Segment Open
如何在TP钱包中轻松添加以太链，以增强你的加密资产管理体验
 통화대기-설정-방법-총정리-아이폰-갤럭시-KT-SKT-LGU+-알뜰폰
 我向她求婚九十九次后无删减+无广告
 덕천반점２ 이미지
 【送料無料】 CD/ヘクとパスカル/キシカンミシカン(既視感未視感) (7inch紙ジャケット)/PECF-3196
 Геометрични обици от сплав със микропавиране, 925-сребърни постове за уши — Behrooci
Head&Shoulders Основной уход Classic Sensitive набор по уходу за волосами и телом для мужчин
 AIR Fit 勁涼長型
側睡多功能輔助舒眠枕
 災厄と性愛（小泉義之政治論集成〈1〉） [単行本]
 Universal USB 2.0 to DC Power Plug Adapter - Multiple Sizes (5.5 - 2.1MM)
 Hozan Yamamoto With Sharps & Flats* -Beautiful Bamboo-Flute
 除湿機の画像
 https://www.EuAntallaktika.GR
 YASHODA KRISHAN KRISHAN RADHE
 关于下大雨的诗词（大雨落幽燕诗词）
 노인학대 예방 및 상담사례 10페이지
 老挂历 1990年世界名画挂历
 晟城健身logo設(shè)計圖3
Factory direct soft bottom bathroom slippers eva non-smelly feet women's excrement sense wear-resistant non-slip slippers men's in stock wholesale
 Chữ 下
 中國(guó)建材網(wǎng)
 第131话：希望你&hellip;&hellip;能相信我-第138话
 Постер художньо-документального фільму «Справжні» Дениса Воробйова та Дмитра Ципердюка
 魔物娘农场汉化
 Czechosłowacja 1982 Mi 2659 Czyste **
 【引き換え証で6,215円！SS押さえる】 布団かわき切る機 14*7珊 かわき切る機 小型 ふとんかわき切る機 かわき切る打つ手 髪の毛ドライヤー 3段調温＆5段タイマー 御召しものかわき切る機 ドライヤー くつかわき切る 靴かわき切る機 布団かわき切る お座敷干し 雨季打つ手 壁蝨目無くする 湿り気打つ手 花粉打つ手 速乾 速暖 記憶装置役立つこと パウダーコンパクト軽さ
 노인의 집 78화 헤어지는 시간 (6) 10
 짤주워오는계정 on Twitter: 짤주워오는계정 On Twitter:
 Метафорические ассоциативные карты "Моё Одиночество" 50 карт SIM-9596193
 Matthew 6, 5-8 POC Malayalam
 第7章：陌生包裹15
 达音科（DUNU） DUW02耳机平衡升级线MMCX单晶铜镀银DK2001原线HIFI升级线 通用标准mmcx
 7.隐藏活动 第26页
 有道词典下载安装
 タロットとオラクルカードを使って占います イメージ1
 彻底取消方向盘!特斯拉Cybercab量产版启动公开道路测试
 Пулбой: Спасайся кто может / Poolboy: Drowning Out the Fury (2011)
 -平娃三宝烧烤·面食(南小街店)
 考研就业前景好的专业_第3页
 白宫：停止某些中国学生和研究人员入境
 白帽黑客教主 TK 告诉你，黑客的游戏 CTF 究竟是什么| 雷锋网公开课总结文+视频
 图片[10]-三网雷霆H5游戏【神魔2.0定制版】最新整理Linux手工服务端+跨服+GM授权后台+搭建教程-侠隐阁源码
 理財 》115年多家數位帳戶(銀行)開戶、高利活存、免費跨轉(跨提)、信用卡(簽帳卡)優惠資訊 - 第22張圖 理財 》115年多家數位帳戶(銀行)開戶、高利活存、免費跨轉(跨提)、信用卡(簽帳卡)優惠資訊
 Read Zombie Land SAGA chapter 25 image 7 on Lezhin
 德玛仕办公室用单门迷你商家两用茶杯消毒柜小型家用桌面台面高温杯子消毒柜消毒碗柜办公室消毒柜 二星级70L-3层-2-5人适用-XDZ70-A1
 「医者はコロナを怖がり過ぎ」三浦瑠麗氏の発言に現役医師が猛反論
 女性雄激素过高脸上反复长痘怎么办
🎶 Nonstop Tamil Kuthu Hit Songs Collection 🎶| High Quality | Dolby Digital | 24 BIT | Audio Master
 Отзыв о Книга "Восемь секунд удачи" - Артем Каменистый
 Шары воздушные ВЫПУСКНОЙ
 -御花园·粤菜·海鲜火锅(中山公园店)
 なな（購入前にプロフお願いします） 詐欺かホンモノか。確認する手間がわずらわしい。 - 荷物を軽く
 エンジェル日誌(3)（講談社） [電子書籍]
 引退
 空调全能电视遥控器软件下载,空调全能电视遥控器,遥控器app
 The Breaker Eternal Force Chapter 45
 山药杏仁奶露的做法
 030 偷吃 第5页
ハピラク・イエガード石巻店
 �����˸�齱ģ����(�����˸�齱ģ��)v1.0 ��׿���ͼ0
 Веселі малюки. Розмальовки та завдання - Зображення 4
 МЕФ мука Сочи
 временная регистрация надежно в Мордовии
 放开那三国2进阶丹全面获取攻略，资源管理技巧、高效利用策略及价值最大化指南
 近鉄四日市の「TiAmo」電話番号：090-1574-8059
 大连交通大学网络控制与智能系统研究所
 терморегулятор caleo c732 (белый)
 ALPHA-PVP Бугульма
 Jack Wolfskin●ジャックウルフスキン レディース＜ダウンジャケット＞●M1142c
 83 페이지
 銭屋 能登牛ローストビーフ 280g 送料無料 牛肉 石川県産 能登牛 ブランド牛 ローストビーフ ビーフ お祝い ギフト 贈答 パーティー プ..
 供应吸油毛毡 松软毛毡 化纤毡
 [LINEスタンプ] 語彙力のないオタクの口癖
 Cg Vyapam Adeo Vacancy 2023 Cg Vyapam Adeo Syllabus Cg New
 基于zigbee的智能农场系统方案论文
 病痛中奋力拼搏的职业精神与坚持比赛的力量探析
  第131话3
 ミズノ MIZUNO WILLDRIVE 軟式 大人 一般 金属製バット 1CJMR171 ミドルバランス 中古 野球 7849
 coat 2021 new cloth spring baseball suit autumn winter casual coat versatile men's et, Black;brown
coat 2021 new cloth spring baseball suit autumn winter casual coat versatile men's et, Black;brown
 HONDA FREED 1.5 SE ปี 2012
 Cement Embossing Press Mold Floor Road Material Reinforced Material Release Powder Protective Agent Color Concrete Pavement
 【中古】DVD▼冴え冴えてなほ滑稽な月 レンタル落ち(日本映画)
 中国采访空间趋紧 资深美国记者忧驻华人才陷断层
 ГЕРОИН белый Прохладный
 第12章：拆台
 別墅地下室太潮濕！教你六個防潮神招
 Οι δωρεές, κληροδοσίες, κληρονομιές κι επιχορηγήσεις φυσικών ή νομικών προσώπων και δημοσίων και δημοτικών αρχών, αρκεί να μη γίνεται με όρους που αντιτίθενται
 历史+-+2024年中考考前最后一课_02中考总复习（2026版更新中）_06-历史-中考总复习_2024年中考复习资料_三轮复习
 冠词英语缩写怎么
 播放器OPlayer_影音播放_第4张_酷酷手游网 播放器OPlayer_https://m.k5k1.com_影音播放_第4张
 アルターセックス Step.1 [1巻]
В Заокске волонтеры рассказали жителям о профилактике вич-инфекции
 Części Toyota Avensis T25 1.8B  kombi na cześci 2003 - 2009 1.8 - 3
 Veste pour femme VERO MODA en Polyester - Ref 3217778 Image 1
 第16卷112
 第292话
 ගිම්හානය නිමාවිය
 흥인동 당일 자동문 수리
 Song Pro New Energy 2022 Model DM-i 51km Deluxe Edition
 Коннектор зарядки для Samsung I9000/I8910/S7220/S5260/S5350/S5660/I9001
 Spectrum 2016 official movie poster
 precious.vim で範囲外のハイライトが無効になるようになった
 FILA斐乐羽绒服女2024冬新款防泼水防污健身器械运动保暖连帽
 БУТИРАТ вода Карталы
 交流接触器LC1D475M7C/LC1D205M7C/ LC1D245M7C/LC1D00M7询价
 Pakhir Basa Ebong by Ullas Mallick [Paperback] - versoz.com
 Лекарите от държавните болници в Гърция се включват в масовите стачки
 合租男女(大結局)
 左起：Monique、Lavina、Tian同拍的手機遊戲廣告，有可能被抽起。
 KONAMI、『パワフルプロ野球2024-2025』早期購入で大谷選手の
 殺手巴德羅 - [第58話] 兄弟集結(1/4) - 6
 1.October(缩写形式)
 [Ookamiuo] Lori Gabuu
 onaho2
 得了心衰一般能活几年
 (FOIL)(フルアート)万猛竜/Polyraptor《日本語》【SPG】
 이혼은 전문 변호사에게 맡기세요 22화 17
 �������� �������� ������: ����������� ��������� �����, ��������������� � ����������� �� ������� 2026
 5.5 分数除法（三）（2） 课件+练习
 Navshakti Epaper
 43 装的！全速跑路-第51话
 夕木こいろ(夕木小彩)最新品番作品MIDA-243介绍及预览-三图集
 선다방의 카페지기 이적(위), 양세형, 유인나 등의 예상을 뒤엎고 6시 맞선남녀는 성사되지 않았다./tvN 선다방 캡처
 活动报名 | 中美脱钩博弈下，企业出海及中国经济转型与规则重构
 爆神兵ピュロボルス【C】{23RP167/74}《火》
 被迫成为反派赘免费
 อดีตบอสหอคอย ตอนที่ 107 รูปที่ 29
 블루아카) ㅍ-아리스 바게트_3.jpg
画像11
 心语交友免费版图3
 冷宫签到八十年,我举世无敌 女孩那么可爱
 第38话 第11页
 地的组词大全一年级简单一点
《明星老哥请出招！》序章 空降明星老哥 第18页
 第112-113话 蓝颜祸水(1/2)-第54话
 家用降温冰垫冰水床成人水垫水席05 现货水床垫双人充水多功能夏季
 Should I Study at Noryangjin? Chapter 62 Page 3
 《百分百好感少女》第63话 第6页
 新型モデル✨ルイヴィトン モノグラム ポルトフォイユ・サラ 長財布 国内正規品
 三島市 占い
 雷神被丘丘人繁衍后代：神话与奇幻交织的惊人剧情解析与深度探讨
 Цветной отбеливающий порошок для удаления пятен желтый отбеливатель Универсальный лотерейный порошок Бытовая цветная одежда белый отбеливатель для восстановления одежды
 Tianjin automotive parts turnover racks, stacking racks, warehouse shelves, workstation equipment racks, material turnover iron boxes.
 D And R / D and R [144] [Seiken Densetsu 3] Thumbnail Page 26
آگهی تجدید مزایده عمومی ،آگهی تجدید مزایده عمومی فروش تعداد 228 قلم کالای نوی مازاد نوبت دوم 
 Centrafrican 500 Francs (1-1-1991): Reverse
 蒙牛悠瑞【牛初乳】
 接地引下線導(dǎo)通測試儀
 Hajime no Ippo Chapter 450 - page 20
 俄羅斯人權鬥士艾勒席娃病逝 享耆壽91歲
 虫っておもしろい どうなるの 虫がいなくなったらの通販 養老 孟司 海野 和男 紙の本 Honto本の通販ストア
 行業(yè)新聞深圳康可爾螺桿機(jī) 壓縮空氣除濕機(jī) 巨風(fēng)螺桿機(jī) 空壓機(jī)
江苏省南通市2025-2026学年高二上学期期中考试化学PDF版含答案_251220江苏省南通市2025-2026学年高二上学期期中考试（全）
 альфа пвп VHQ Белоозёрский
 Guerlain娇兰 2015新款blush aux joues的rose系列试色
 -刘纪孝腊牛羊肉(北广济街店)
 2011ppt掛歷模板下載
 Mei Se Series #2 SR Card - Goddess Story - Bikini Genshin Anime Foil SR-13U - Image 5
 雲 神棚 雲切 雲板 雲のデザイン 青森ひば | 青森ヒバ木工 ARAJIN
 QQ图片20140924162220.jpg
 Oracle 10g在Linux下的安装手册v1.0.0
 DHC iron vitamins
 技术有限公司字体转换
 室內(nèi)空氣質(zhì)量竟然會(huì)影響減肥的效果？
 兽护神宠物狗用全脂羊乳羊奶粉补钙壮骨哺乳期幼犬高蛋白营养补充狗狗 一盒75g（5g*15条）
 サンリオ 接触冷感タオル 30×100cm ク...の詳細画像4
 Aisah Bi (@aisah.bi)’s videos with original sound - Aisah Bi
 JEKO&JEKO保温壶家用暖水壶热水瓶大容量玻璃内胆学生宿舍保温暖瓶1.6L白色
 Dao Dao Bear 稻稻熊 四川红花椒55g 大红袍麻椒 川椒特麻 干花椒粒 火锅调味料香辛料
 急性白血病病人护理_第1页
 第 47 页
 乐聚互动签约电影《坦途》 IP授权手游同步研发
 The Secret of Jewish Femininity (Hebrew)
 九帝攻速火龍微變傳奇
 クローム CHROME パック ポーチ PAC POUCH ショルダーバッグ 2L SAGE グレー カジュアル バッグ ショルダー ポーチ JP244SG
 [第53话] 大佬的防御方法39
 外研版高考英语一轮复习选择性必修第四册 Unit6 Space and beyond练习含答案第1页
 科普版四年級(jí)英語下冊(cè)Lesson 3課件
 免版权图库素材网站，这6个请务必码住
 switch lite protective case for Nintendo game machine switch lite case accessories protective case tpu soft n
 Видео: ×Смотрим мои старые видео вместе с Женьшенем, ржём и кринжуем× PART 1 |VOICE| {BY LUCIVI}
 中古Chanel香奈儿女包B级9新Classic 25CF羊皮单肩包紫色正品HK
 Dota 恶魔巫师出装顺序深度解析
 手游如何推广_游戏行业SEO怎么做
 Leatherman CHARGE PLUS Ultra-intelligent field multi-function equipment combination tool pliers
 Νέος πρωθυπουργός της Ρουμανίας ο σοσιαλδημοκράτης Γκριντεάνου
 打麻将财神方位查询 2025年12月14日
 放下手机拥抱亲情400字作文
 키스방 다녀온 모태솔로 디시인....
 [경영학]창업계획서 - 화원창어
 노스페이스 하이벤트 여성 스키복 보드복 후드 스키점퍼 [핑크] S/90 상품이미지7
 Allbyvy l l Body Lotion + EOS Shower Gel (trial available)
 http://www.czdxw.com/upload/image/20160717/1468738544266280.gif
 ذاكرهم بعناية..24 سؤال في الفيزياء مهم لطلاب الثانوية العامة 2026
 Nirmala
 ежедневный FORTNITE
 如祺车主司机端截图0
Segment Closed
- **WHAT THE EXERCISE ASKS**: Wherever the word "spring" appears in the entries above, copy that line.

- **RESULT OF THIS TASK**:
 coat 2021 new cloth spring baseball suit autumn winter casual coat versatile men's et, Black;brown
coat 2021 new cloth spring baseball suit autumn winter casual coat versatile men's et, Black;brown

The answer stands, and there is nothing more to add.